**MATERIAL PROVIDED:**
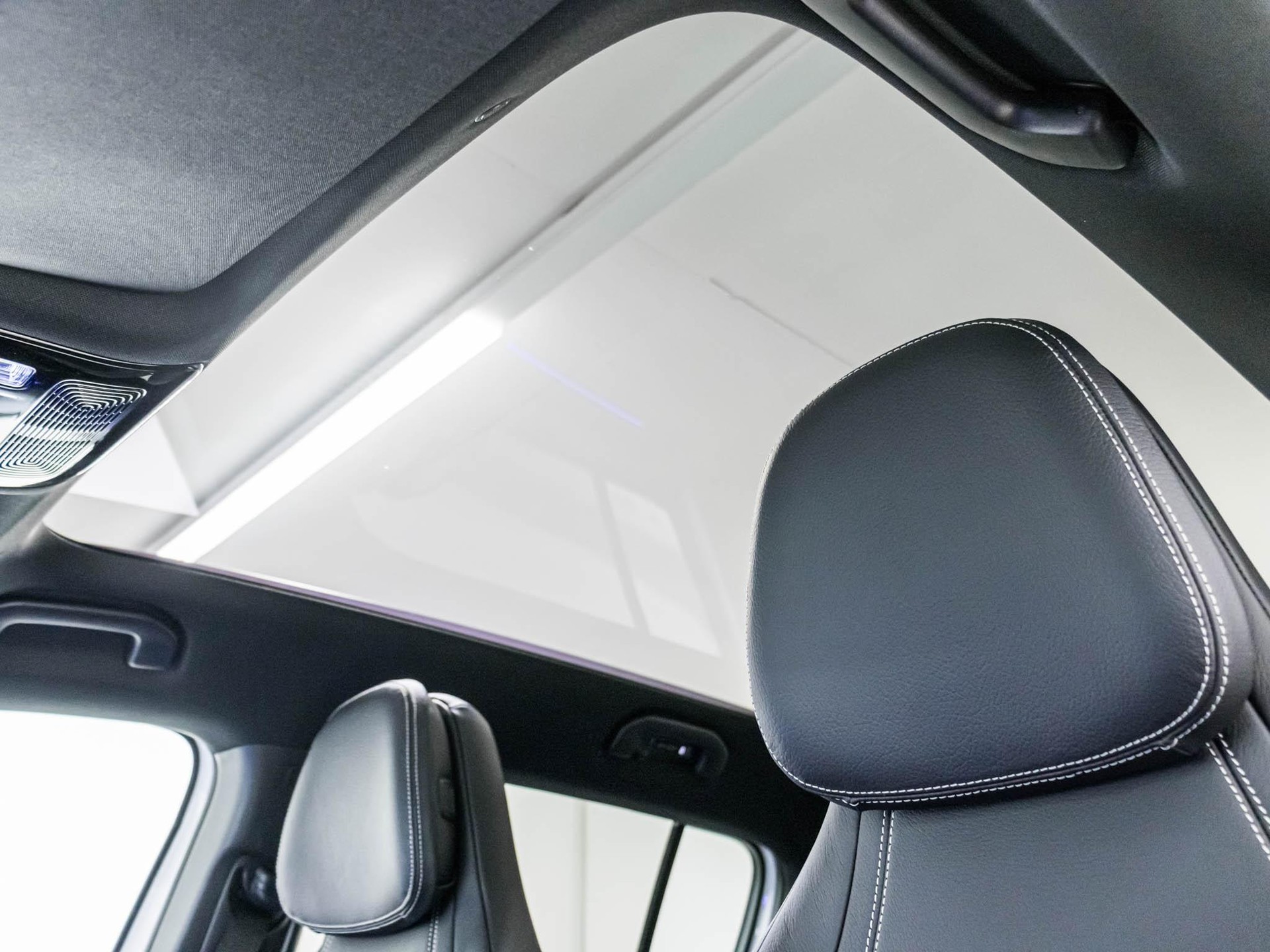 MERCEDES-BENZ GLB 220 4MATIC-image-8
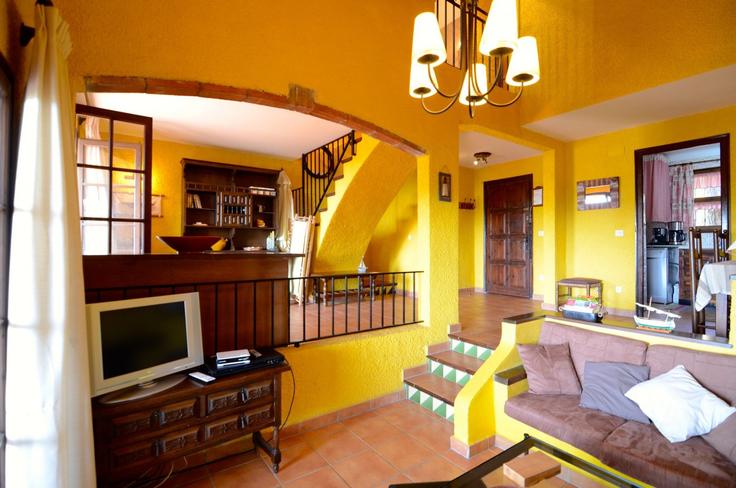 Building Passatge Berna - torrent-api - 1395538 adresindeki bir dairede modern mobilyalarla zarif bir şekilde tasarlanmış oturma odası La Torre Vella, La Torre Vella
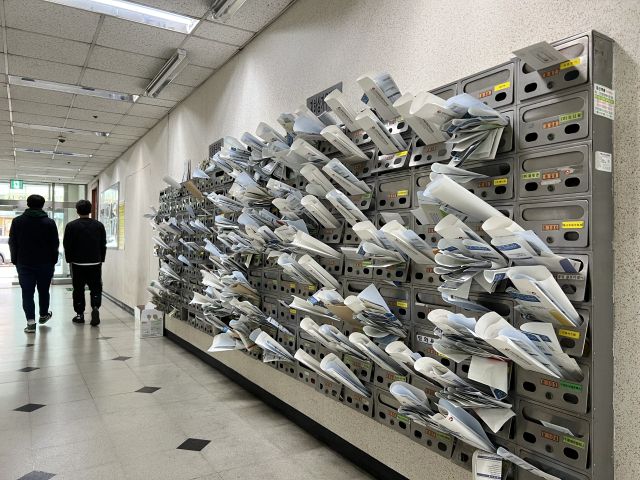 27일 안양유통관리단지 내 우편함에 관리단 임시집회 안내 및 위임장이 들어있는 우편물이 꽂혀 있다. 박소민기자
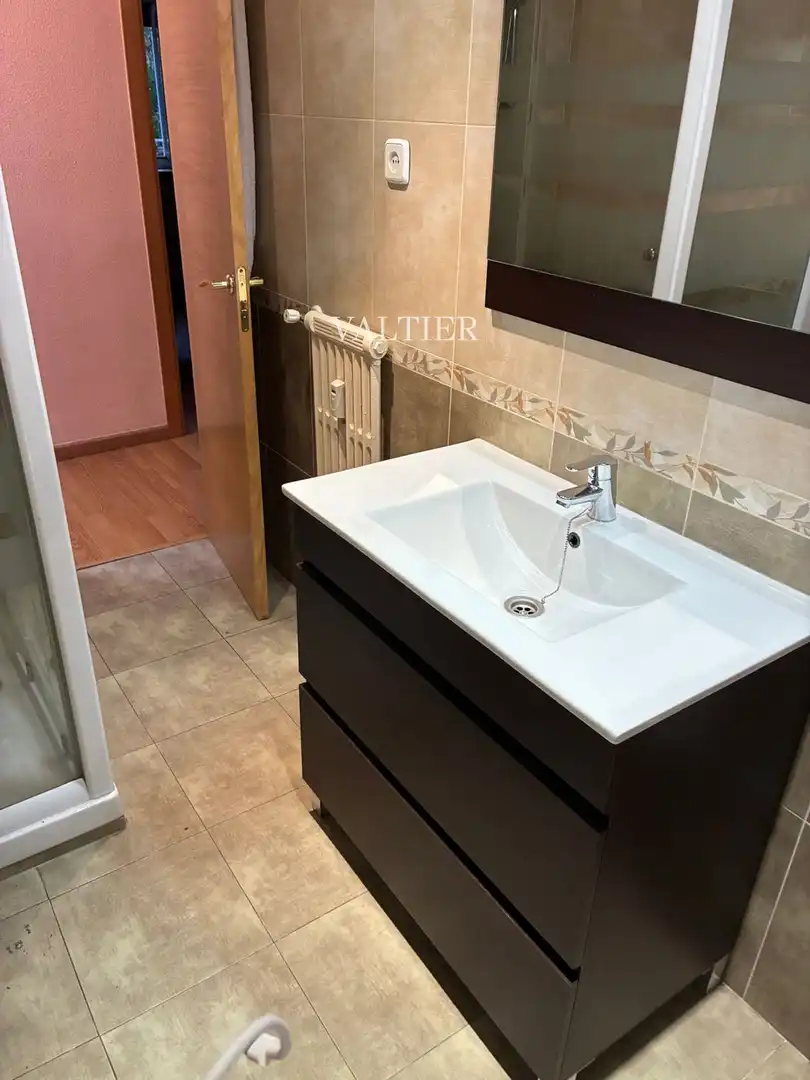 Badezimmer von Wohnung zur Miete in Madrid mit Terrasse, Abstellraum und Möbliert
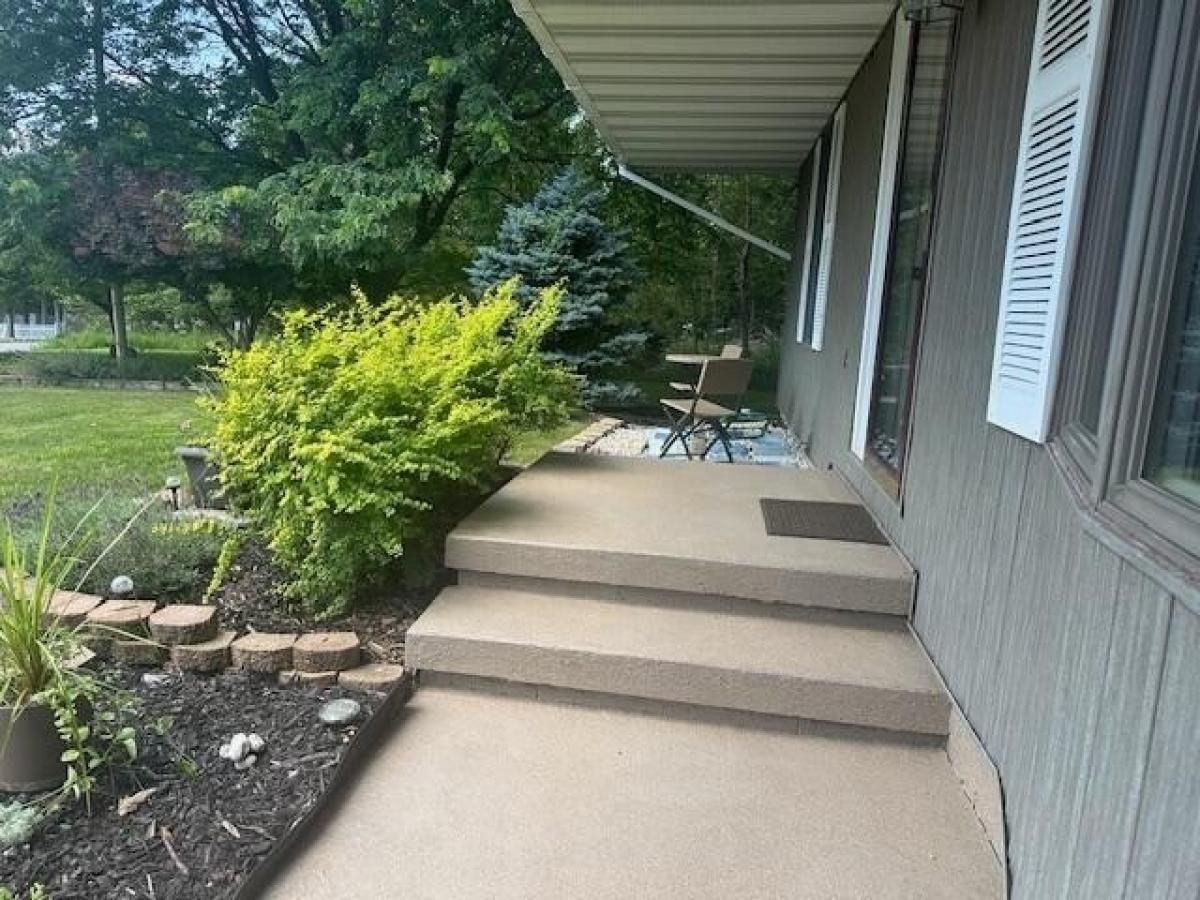 Picture of Home For Sale in Hubbard Lake, Michigan, United States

**TASK ITEM:**
Once you find the line containing "Badezimmer von Wohnung", retype it and every line after it through the last line of the records above, exactly. Add nothing else, and leave out the pictures.

**SOLUTION TO THIS PROBLEM:**
 Badezimmer von Wohnung zur Miete in Madrid mit Terrasse, Abstellraum und Möbliert
 Picture of Home For Sale in Hubbard Lake, Michigan, United States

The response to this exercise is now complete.